Reputation: 47
Input:
ID | Question-How are you-Response | Question-How are you-date | Question How are you-expected response | ...... | Question-XXX-response | Question-XXX-date | question-XXX-expected-response |
---|---|---|---|---|---|---|---|
123 | value a | 17-Aug-22 | value b | ..... | value c | 15-Aug-22 | value d |
Expected output:
ID | Question | response_given | date | Expected_Response |
---|---|---|---|---|
123 | How are you | value a | 17-Aug-22 | value b |
.. | .. | .. | .. | .. |
123 | XXX | value c | 15-Aug-22 | value d |
Upvotes: 0
Views: 989
Reputation: 6644
If your column names are consistent - as in it is always delimited by hyphens and the cases/spellings are same, we can unpivot the columns to rows and extract info from the column names.

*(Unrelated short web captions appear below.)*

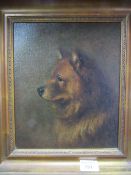 Framed & glazed oil on canvas of a chow chow, not signed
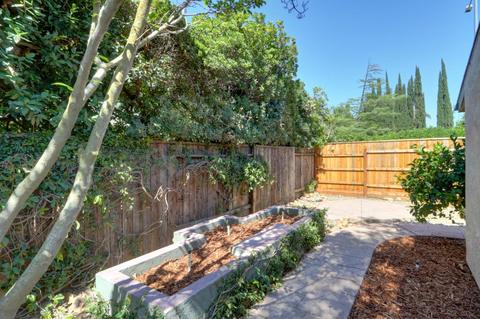 703 Barcelona Ave, Davis, CA 95616 photo 37
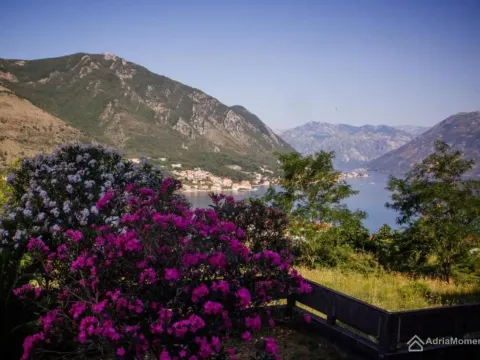 Prodaja, jednosoban stan, 47m², Dobrota, Kotor - image 7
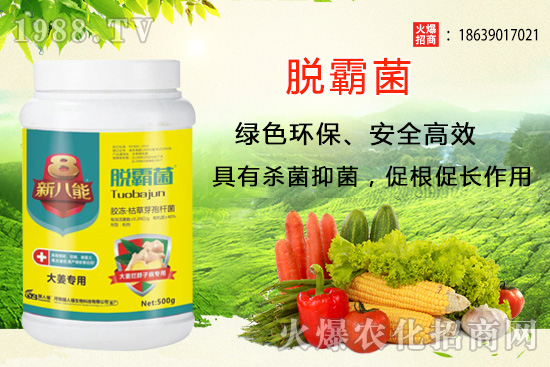 花生種植選什么品種？花生種植前景分析及品種推薦！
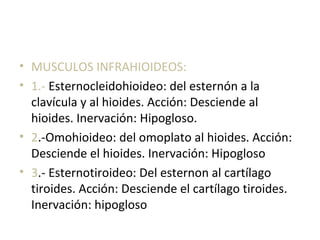 • MUSCULOS INFRAHIOIDEOS:
• 1.- Esternocleidohioideo: del esternón a la
clavícula y al hioides. Acción: Desciende al
hioides. Inervación: Hipogloso.
• 2.-Omohioideo: del omoplato al hioides. Acción:
Desciende el hioides. Inervación: Hipogloso
• 3.- Esternotiroideo: Del esternon al cartílago
tiroides. Acción: Desciende el cartílago tiroides.
Inervación: hipogloso
 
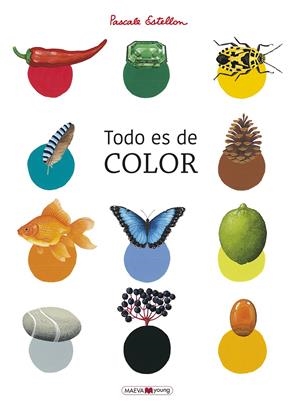TODO ES DE COLOR | 9788417708818 | ESTELLON, PASCALE | Llibreria La Font de Mimir - Llibreria online Barcelona - Comprar llibres català i castellà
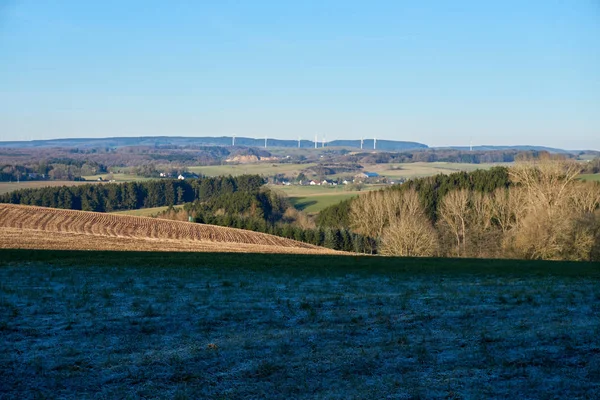 Frosty groen Eifel landschap gefotografeerd in januari — Stockfoto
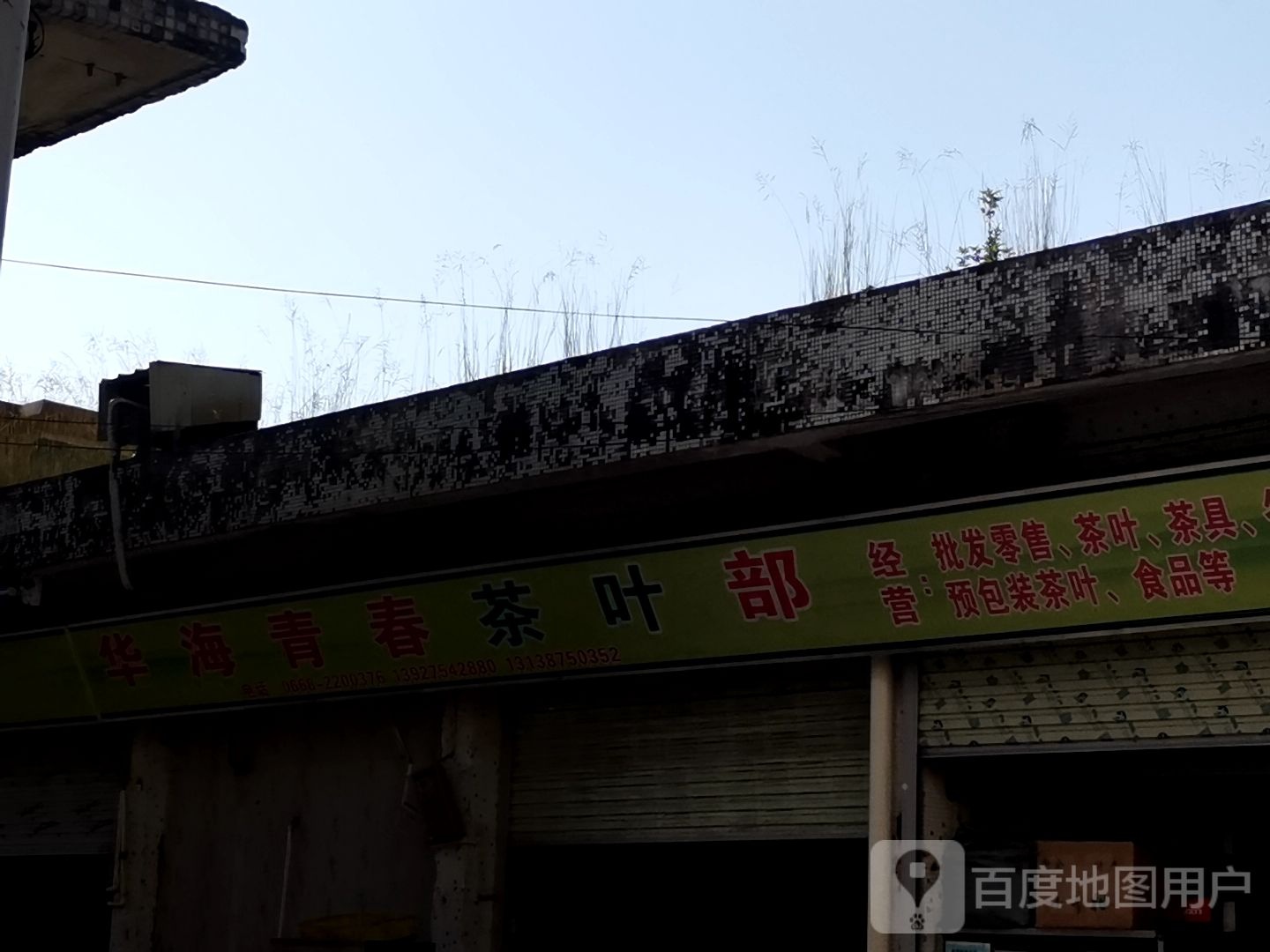 华海青春茶叶部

This info can be pivoted to get the desired result.
# input data - maintain consistency in column names
data_sdf = spark.sparkContext.parallelize(data_ls). \
toDF(['id',
'Question-How are you-response', 'Question-How are you-date', 'Question-How are you-expected response',
'Question-XXX-response', 'Question-XXX-date', 'Question-XXX-expected response'
])
# +---+-----------------------------+-------------------------+--------------------------------------+---------------------+-----------------+------------------------------+
# | id|Question-How are you-response|Question-How are you-date|Question-How are you-expected response|Question-XXX-response|Question-XXX-date|Question-XXX-expected response|
# +---+-----------------------------+-------------------------+--------------------------------------+---------------------+-----------------+------------------------------+
# |123| value a| 17-Aug-22| value b| value c| 15-Aug-22| value d|
# +---+-----------------------------+-------------------------+--------------------------------------+---------------------+-----------------+------------------------------+
Use this detail to extract the info after unpivot. Use split
to create an array out of the column names.

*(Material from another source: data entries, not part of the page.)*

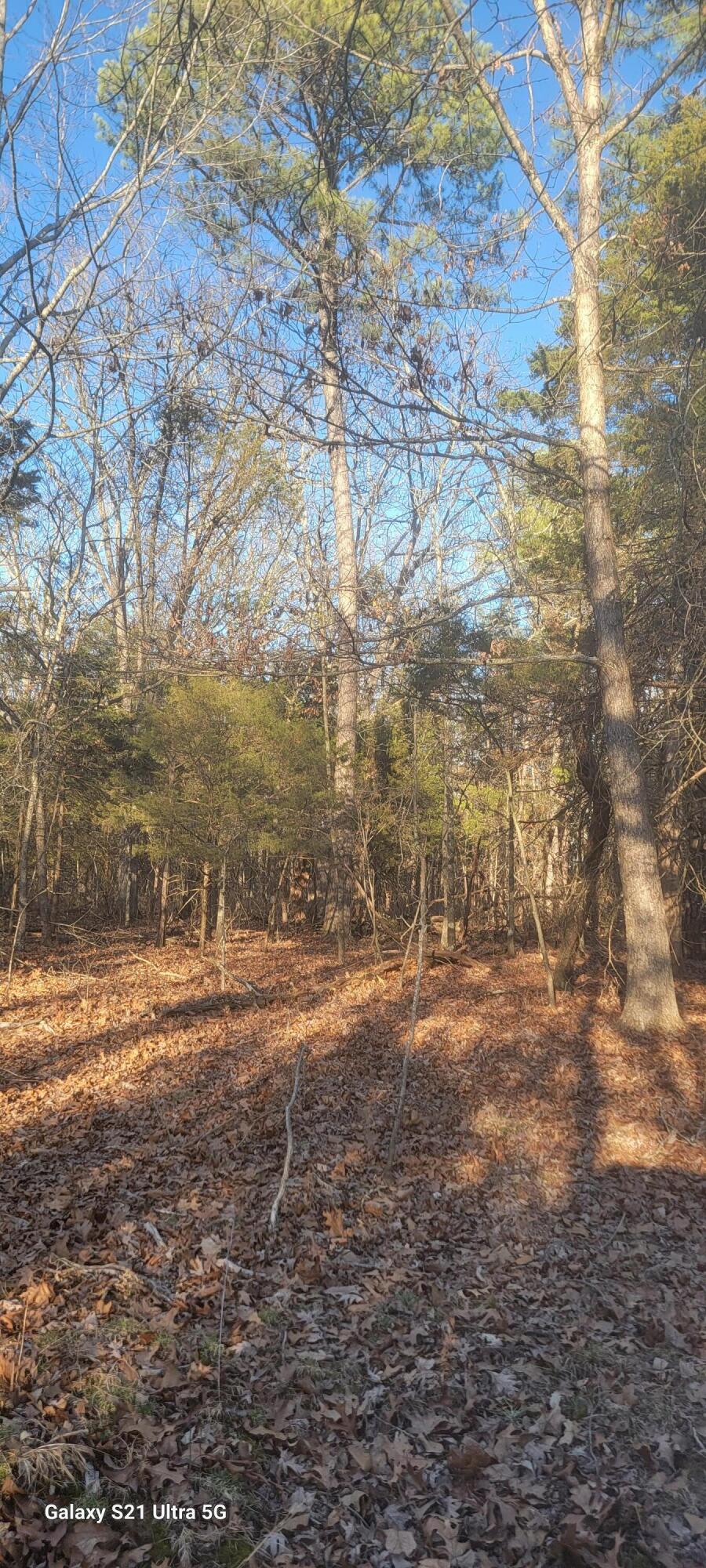 000 Mcintosh Road Property Photo 6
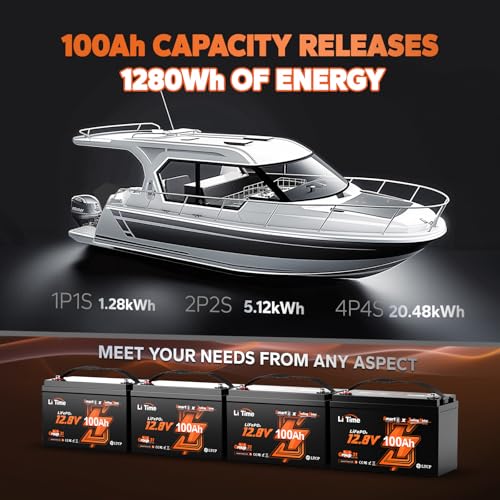 12V 100Ah LiFePO4 Battery with Built-in 100A BMS D2856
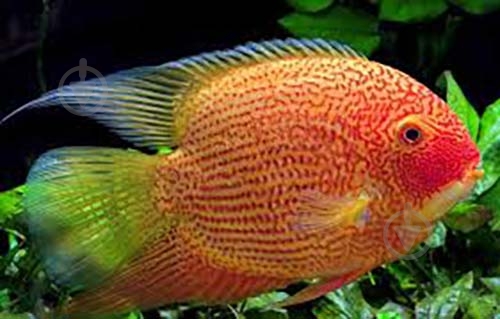 Рыбка Северум Цихлазома 8-11 см - фото 9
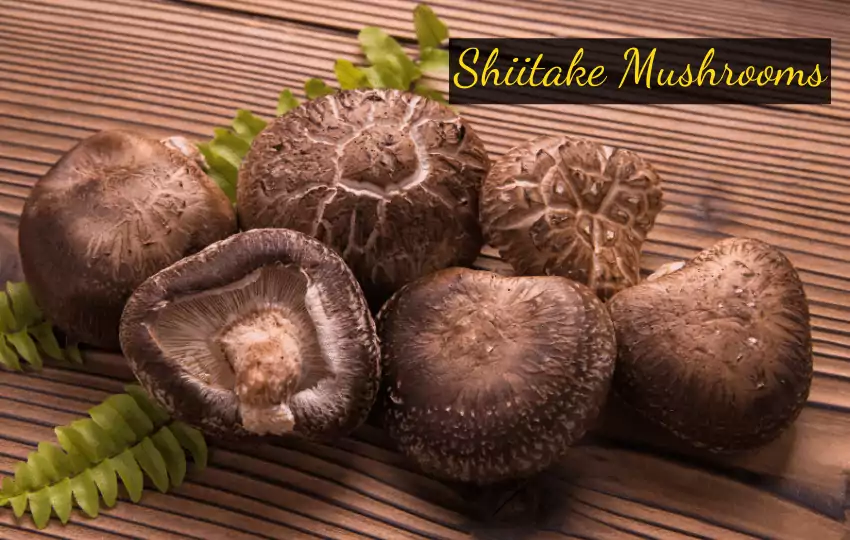 the image showing few shiitake mushrooms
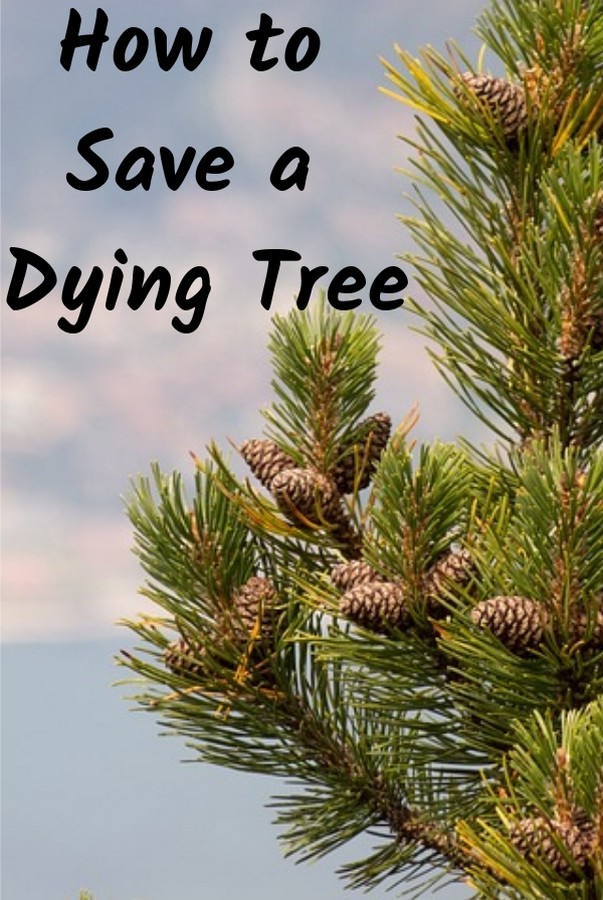 Garden and Yard How to Save a Dying Tree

unpivot_data_sdf = data_sdf. \
withColumn('allcol_struct_arr',
func.array(*[func.struct(func.lit(k).alias('key'), func.col(k).alias('val'))
for k in data_sdf.columns if k != 'id']
)
). \
selectExpr('id', 'inline(allcol_struct_arr)'). \
withColumn('key_split', func.split('key', '-')). \
withColumn('question', func.col('key_split')[1]). \
withColumn('question_field', func.col('key_split')[2])

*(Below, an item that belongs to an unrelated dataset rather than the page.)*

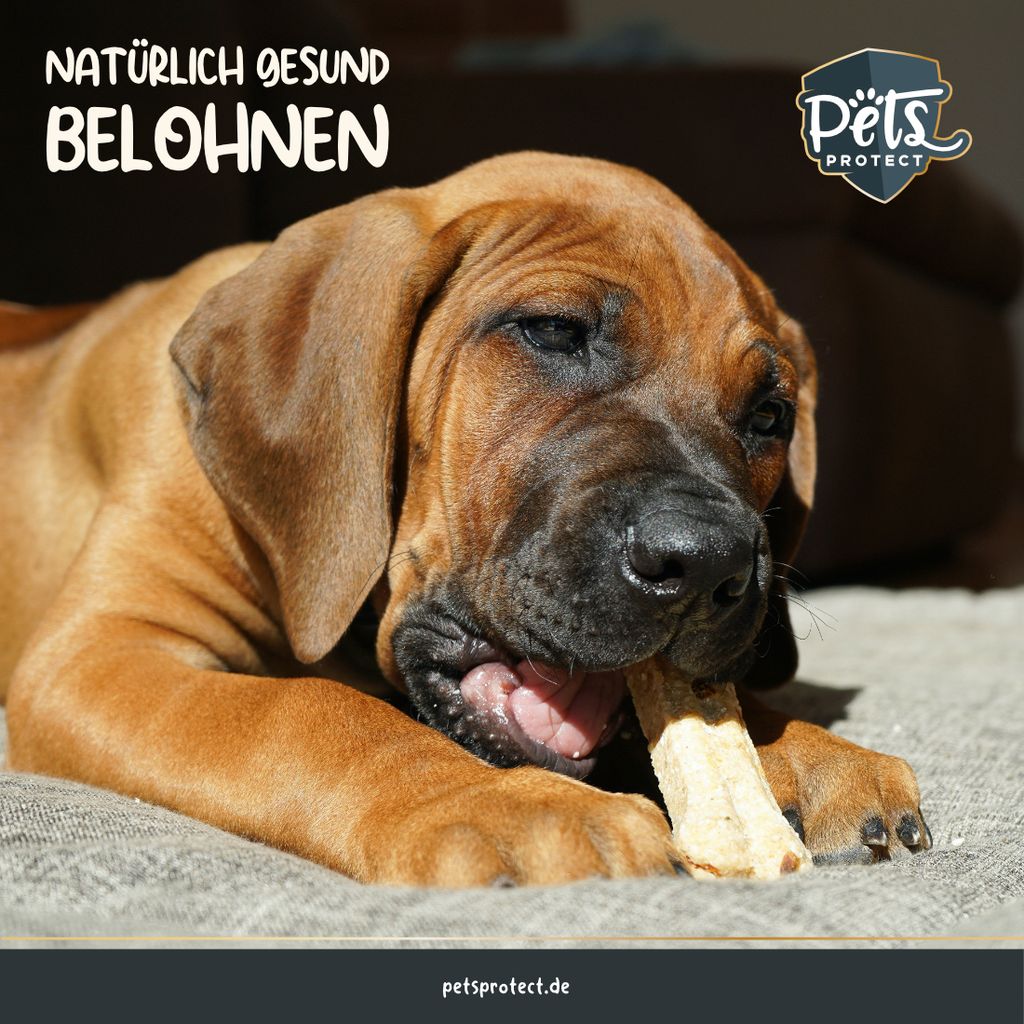 hund trockenfutter menge Getreidefreies Trockenfutter Hund – Premium Hundefutter Hirsch – Pet Cuisine main image 1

# +---+--------------------------------------+---------+------------------------------------------+-----------+-----------------+
# |id |key |val |key_split |question |question_field |
# +---+--------------------------------------+---------+------------------------------------------+-----------+-----------------+
# |123|Question-How are you-response |value a |[Question, How are you, response] |How are you|response |
# |123|Question-How are you-date |17-Aug-22|[Question, How are you, date] |How are you|date |
# |123|Question-How are you-expected response|value b |[Question, How are you, expected response]|How are you|expected response|
# |123|Question-XXX-response |value c |[Question, XXX, response] |XXX |response |
# |123|Question-XXX-date |15-Aug-22|[Question, XXX, date] |XXX |date |
# |123|Question-XXX-expected response |value d |[Question, XXX, expected response] |XXX |expected response|
# +---+--------------------------------------+---------+------------------------------------------+-----------+-----------------+
All that's left to do is to pivot the question_field
column
unpivot_data_sdf. \
groupBy('id', 'question'). \
pivot('question_field'). \
agg(func.first('val')). \
show(truncate=False)
# +---+-----------+---------+-----------------+--------+
# |id |question |date |expected response|response|
# +---+-----------+---------+-----------------+--------+
# |123|XXX |15-Aug-22|value d |value c |
# |123|How are you|17-Aug-22|value b |value a |
# +---+-----------+---------+-----------------+--------+
Upvotes: 1
Reputation: 2033
You can use the loop and union:
# Given that n = 100
n = 100
for idx in range(1, 101):
new_df = df.select('id', func.lit(idx).alias('question'), func.col(f"question_{idx}_response").alias('response_given'), func.col(f"question_{idx}_date").alias('date'), func.col(f"question_{idx}_expected_response").alias('expected_response'))
if idx == 1:
output = new_df
else:
output = output.unionAll(new_df)
Edit: 2022-08-18
Although this is not a spark related question, based on your edit question, you have the format of the column name and you can:
column_name_list = list(set([col.split('-')[1] for col in df.columns[1:]]))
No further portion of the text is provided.